Non-Asymptotic Convergence of Stochastic Iterative Algorithms: A Lyapunov Framework
This work provides a unified and self-contained roadmap for the finite-time analysis of stochastic approximation algorithms, particularly for researchers and practitioners in reinforcement learning, by consolidating existing Lyapunov-based techniques.
This paper surveys Lyapunov-based techniques for the finite-time analysis of stochastic iterative algorithms (stochastic approximation algorithms) used to solve fixed-point equations where the operator is accessed through a noisy oracle. It demonstrates how generalized Moreau envelopes can serve as universal Lyapunov functions, providing mean-square convergence guarantees for algorithms like stochastic gradient descent, linear SA, Q-learning, and temporal-difference learning.

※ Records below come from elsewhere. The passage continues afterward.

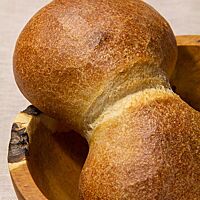 Das goldbraun ausgebackene Doppelbrötchen hat eine glatte, leicht glänzende Oberfläche.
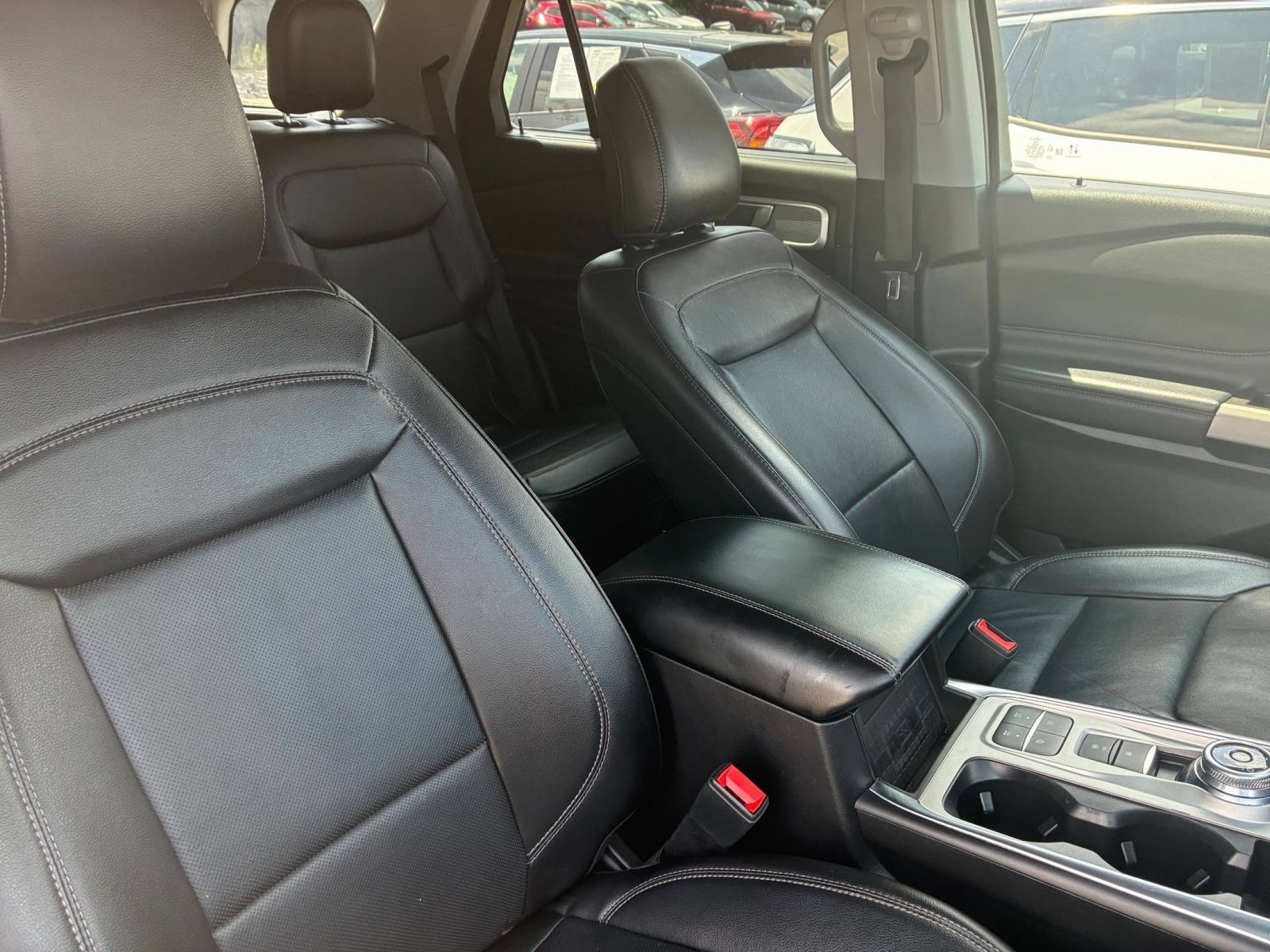Used 2024 Ford Explorer Limited RWD image 30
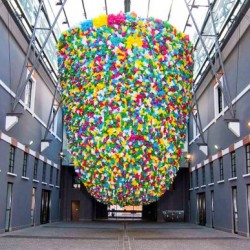 Plastic-Bags-by-Pascale-Marthine-Tayou-in-Rome-lead-2-537x387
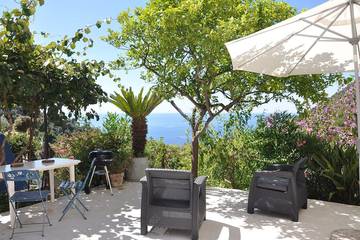 Gîte pour 4 personnes, avec jardin à Èze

We survey Lyapunov-based techniques for the finite-time analysis of stochastic iterative algorithms, also known as stochastic approximation (SA) algorithms, for solving fixed-point equations $\bar{F}(x)=x$, where the operator $\bar{F}(\cdot)$ can only be accessed through a noisy oracle. We first focus on the standard setting in which $\bar{F}(\cdot)$ is contractive with respect to some norm and the noise is i.i.d., and explain how generalized Moreau envelopes serve as universal Lyapunov functions, regardless of the underlying norm. We then show how this framework yields mean-square convergence guarantees and applies to stochastic gradient descent, linear SA, and value-based reinforcement learning algorithms such as Q-learning and temporal-difference learning. Finally, we discuss extensions to Markovian noise, seminorm-contractive operators, dissipative operators, and high-probability bounds, and conclude with open problems. The goal is to present a unified and self-contained roadmap for the finite-time analysis of SA and its applications, especially in reinforcement learning.